The defining strength of PET/CT remains its ability to combine functionality and anatomy in a single scan. But there is even more to it today. “Using different tracers, and more specific tracers, we can understand not only what a disease is, but if it’s aggressive or not. And that correlates with the organs and the anatomy, which only PET/CT can do,” Conti explains.

It all started with the generic tracer fludeoxyglucose injection F 18 (FDG) to measure metabolism. But now, a growing number of novel tracers are available, providing deeper insight into disease function that comes with PET. “This is a great future,” says Conti. “Today, we have access to highly specific tracers such as PSMA for prostate cancer, tau and amyloid for dementia and Alzheimer’s disease evaluation, and rubidium for cardiac imaging. As the spectrum tracers broadens, so does the potential for earlier, more accurate disease detection and improved treatment monitoring.”

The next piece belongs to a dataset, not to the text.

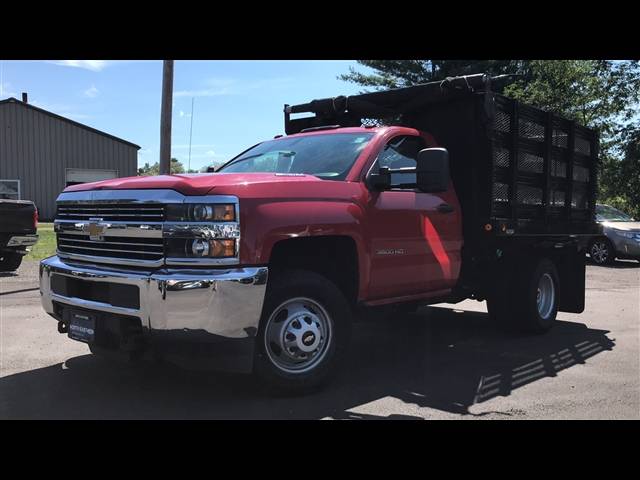 2015 Chevrolet Silverado 3500HD Work Truck 4WD photo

Last year, Townsend himself underwent a PET/CT scan following the discovery of a suspicious nodule in his left lung. The PET/CT was consistent with an adenocarcinoma that was confirmed by biopsy. Fortunately, it was an early stage 1 tumor that was removed surgically and a 6-month follow-up scan showed no evidence of disease. Reflecting on his own patient experience, Townsend recalled that the imaging team who performed the scan at the University of British Columbia Cancer Centre, Vancouver, Canada, were aware of Townsend‘s background. The technologist who gave him the injection of FDG quipped, “‘I guess I don’t need to explain the imaging procedure to you, do I?‘” remembers Townsend, with a smile.

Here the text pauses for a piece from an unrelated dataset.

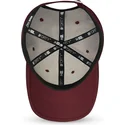 czapki-curva-czerwony-tasma-regulowana-granate-9forty-diamond-era-new-york-yankees-mlb-new-era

When asked about the next developments in PET/CT, Conti envisions a future full of potential—from widespread use of artificial intelligence to more advanced motion correction, improved speed and image quality, and increased patient comfort. Theranostics and opportunities for more personalized therapy are also on the horizon. 

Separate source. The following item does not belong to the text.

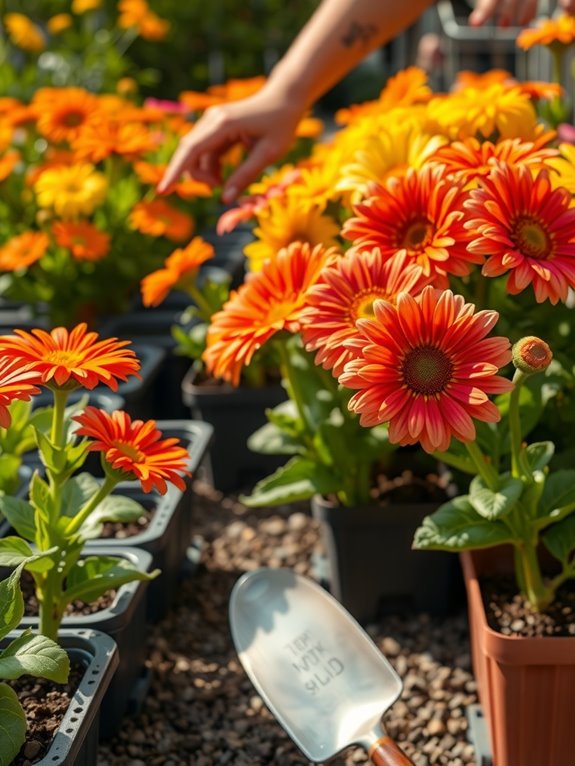 starting gerberas from seeds or divisions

And what are his personal hopes for the next 25 years of PET/CT? Conti pauses, then offers two wishes: “More tracers that unlock the full potential of our amazing technology. And that PET/CT becomes more accessible to patients earlier in the care pathway. Right now, a patient needs to have a cancer diagnosis to maybe get a PET/CT scan. I would love a world where PET/CT is routine, where patients receive a PET/CT when there is suspicion of cancer.” As for Townsend? His wish echoes a similar sentiment: that PET/CT technology is widely available to all patients no matter where they live. 

The defining strength of PET/CT remains its ability to combine functionality and anatomy in a single scan. With the use of more specific tracers, PET/CT can provide deeper insights into diseases, their aggressiveness, and their correlation with organs and anatomy. Paving the way for earlier, more accurate detection and improved treatment monitoring and working toward making PET/CT accessible to all patients is an ambition shared by clinicians and researchers alike. 

PET/CT served as catalyst for other hybrids of nuclear medicine with anatomical measures, such as in PET/MR. The success of PET/CT commercially encouraged the industry to develop and market other hybrids. The audacity of PET/CT was daunting; its success equally so. The next 25 years will undoubtedly hold more exciting developments.